Aired October 30, 2015 - 16:30   ET



[16:30:33] JIM SCIUTTO, CNN GUEST ANCHOR: Welcome back to THE LEAD. I'm Jim Sciutto in today for Jake Tapper. And our Politics Lead, no debate for you. That's what the Republican National Committee told NBC hours ago.

The RNC Chairman Reince Priebus, telling the peacock network that what was supposed to be NBC's February debate is still going to happen, just not with them.

Priebus said he could not risk a repeat of what he saw Wednesday night after CNBC's moderators asked what he called "gotcha" questions that were, quote, "inaccurate" or downright offensive.

CNN's Sunlen Serfaty is trailing the Rubio campaign today in Sioux City, Iowa. Sunlen, the Republican brass telling in effect they're fed up and simply not going to take it anymore. Is that sincere anger that you are hearing from that side?

SUNLEN SERFATY, CNN CORRESPONDENT: Well, it seems to be, Jim. You know, this is an unprecedented move by the Republican committee to suspend involvement in a debate. Now, NBC says that they will try in good faith to resolve this, but tonight there is no resolution yet and a lot of anger.


SERFATY (voice-over): Tonight the partnership is off.

REINCE PREIBUS, RNC CHAIRMAN: I was very disappointed in the moderators. I'm disappointed in CNBC.

SERFATY: The chairman of the RNC telling NBC brass in a letter they are suspending the partnership for February's debate claiming the CNBC debate had been conducted in bad faith.

Writing, "The moderators engaged in a series of gotcha questions, petty and mean-spirited in tone designed to embarrass our candidates. This comes after days of fierce and relentless criticism over the format and questions.

BEN CARSON (R), PRESIDENTIAL CANDIDATE: What it's turned into is a, gotcha! That's silly.

JEB BUSH (R), PRESIDENTIAL CANDIDATE: All about trying to figure out the gotcha question to make people look bad.

DONALD TRUMP (R), PRESIDENTIAL CANDIDATE: I don't like the questions. So they're a little tough.

SERFATY: Over the format and questions.

UNIDENTIFIED MALE: Is this a comic book version of a presidential campaign?

TRUMP: No, it's not a comic book and not a very nicely asked question the way you say that.

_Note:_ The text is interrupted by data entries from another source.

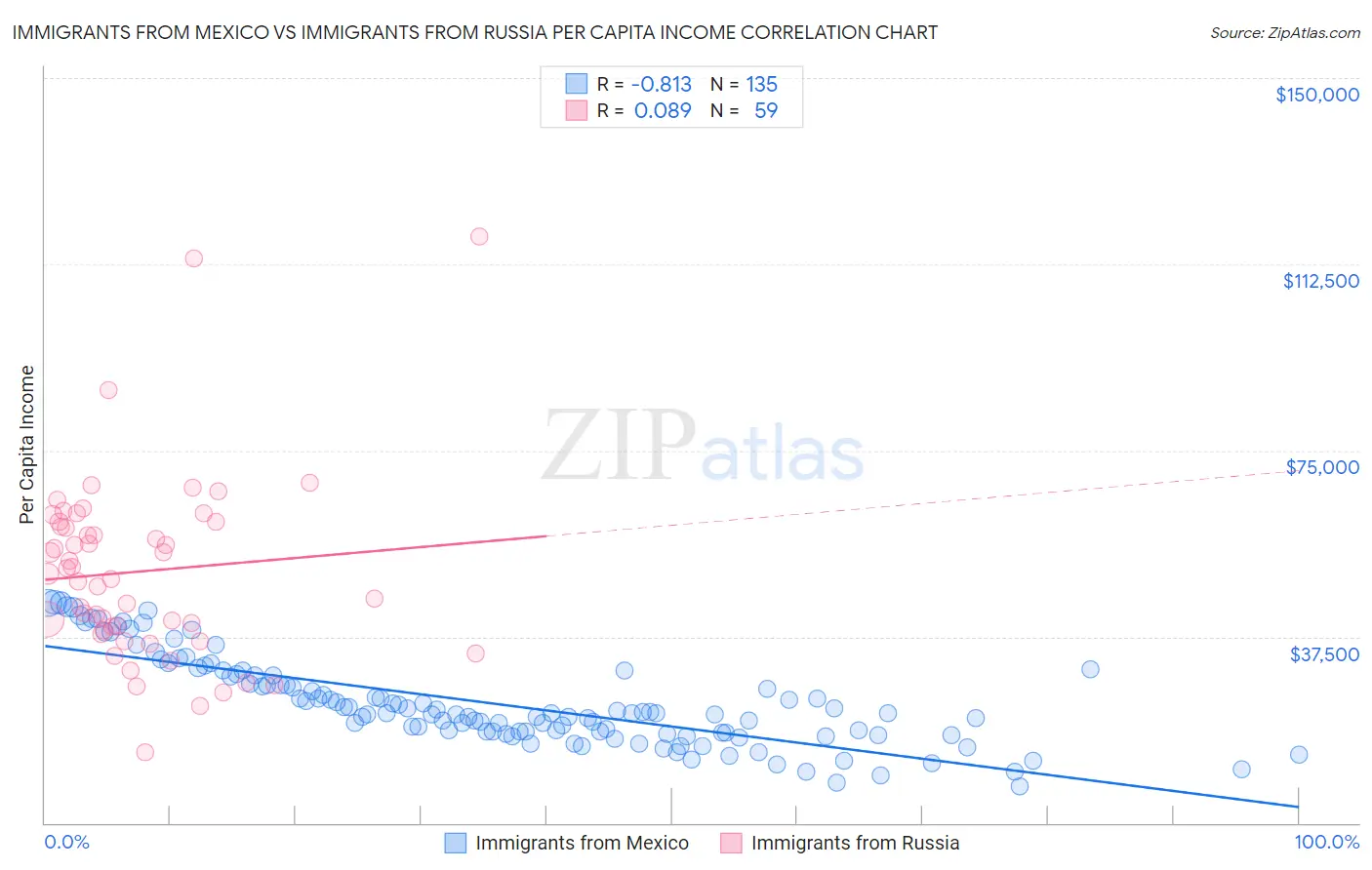 Immigrants from Mexico vs Immigrants from Russia Per Capita Income
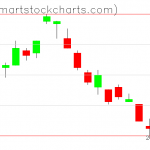 UUP charts on April 15, 2021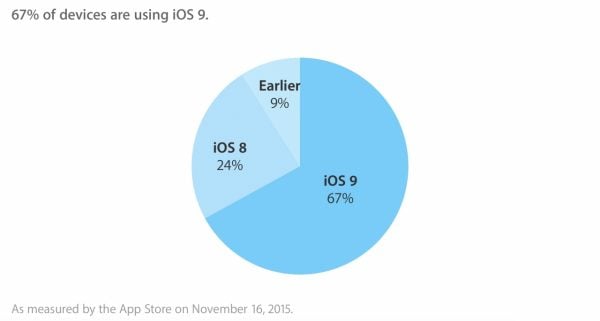 iOS 9 has reached 67% Users Within 2 Months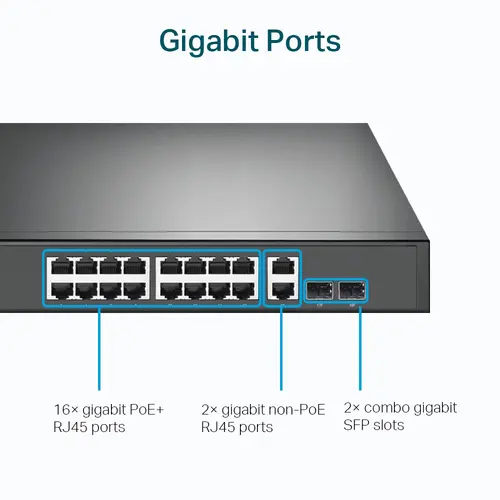 Комутатор TP-LINK TL-SG1218MP, 16х GbE RJ45 PoE+ порта, 2x SFP порта, 250W макс - image 5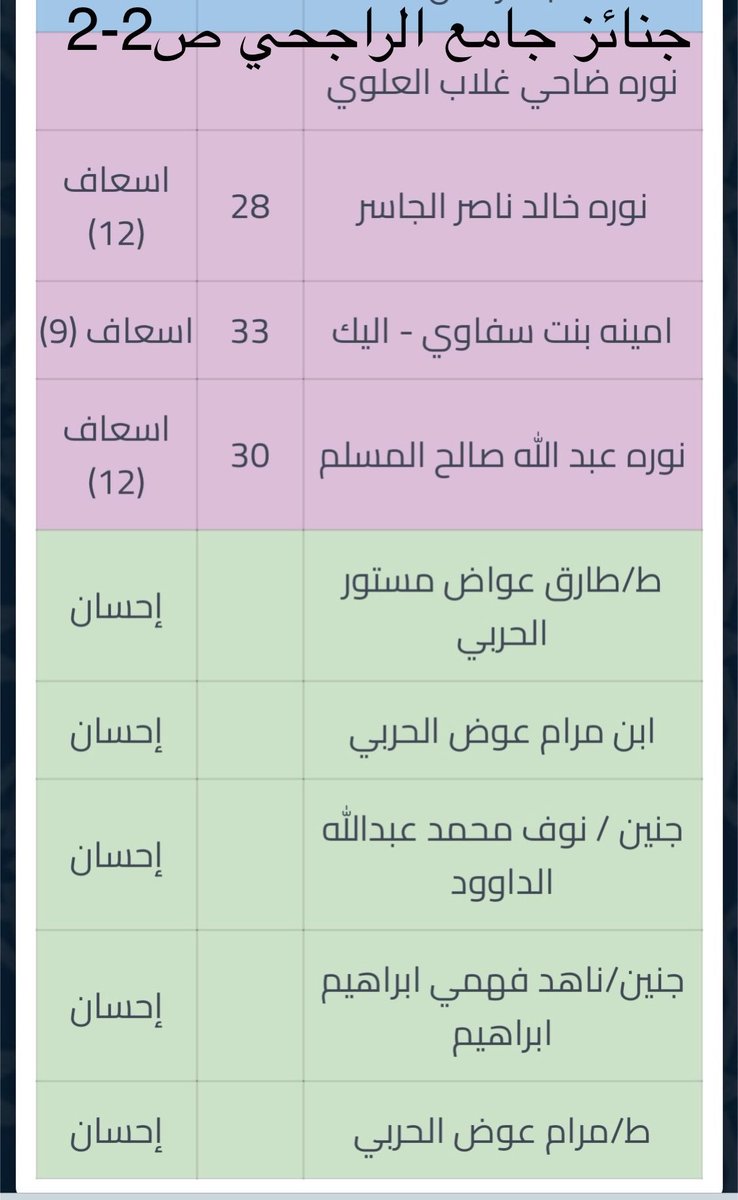 منصور الحسين tweet media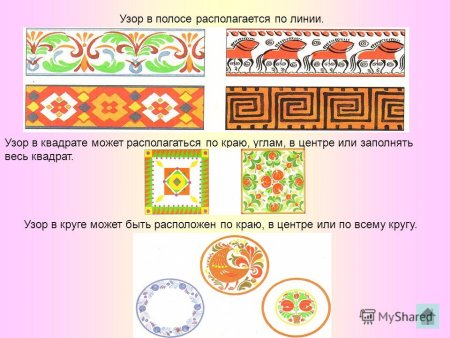 Орнамент в виде полосы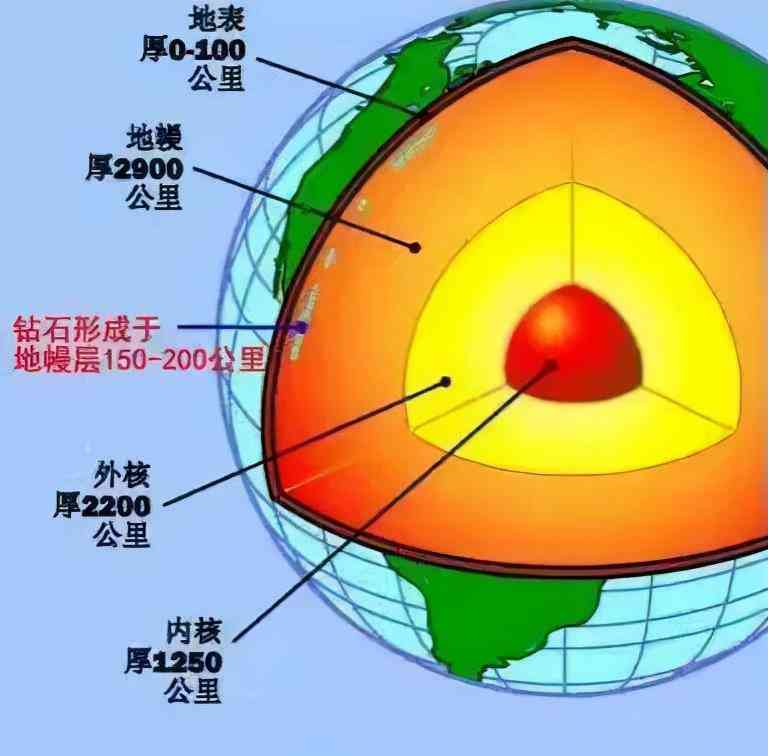 全球鉆石儲量(全球鉆石儲量排名)插圖3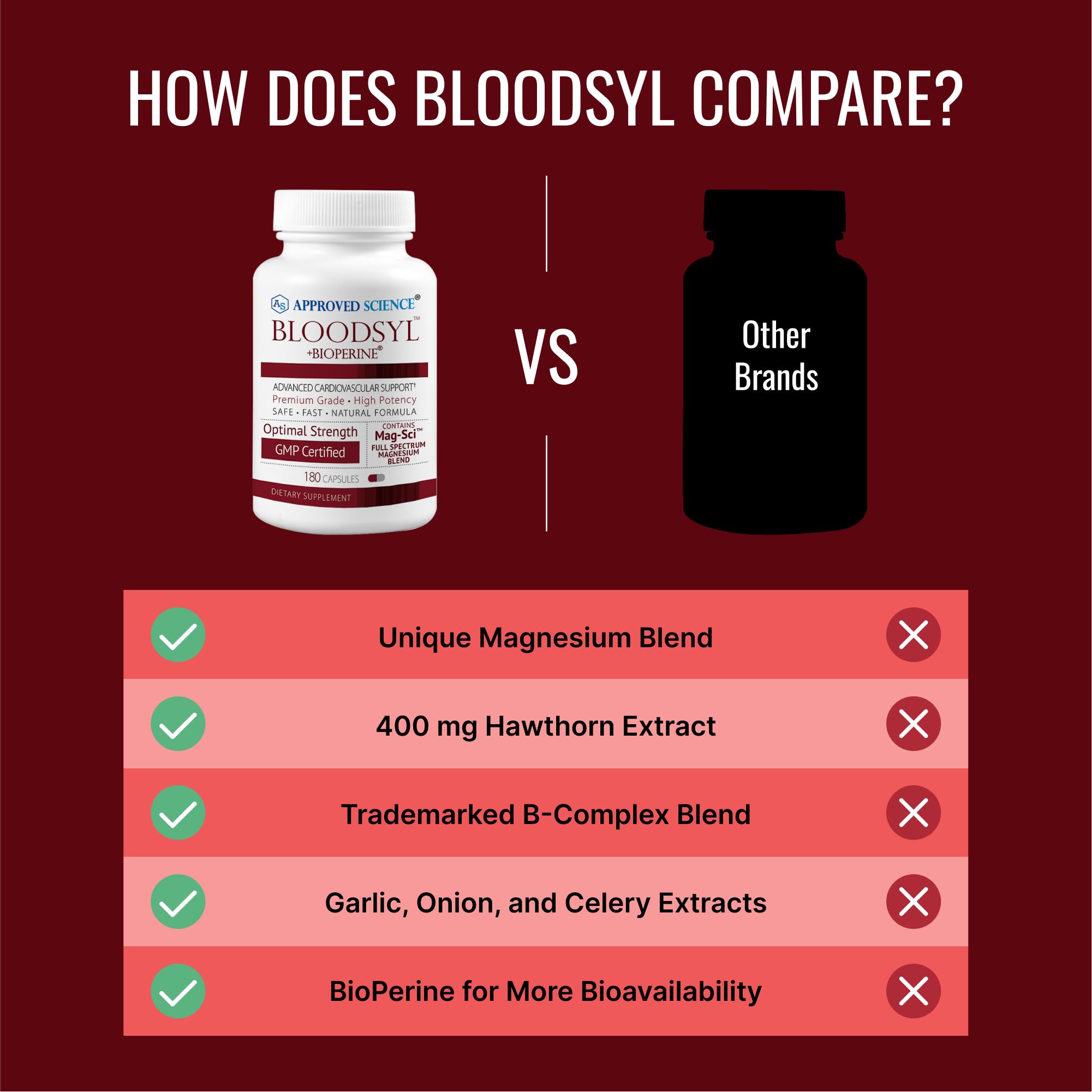 Approved Science Bloodsyl - Supports Blood Flow - Hawthorn Berry, Magnesium, BioPerine - Vegan - 180 Capsules - Pack of 1 Approved Science uk supplements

SERFATY: And this weekend in Washington, a handful of campaigns will meet trying to combine forces to make changes the next debate up, hosted by Fox Business in two weeks, this as the candidates try to get back to work.

Marco Rubio changing his campaign schedules today to cast a vote in the Senate after facing criticism for missing votes.

SENATOR MARCO RUBIO (R), PRESIDENTIAL CANDIDATE: I don't like missing votes. I hate it and we do our best effort to make it. We've cancelled campaign events especially for important votes.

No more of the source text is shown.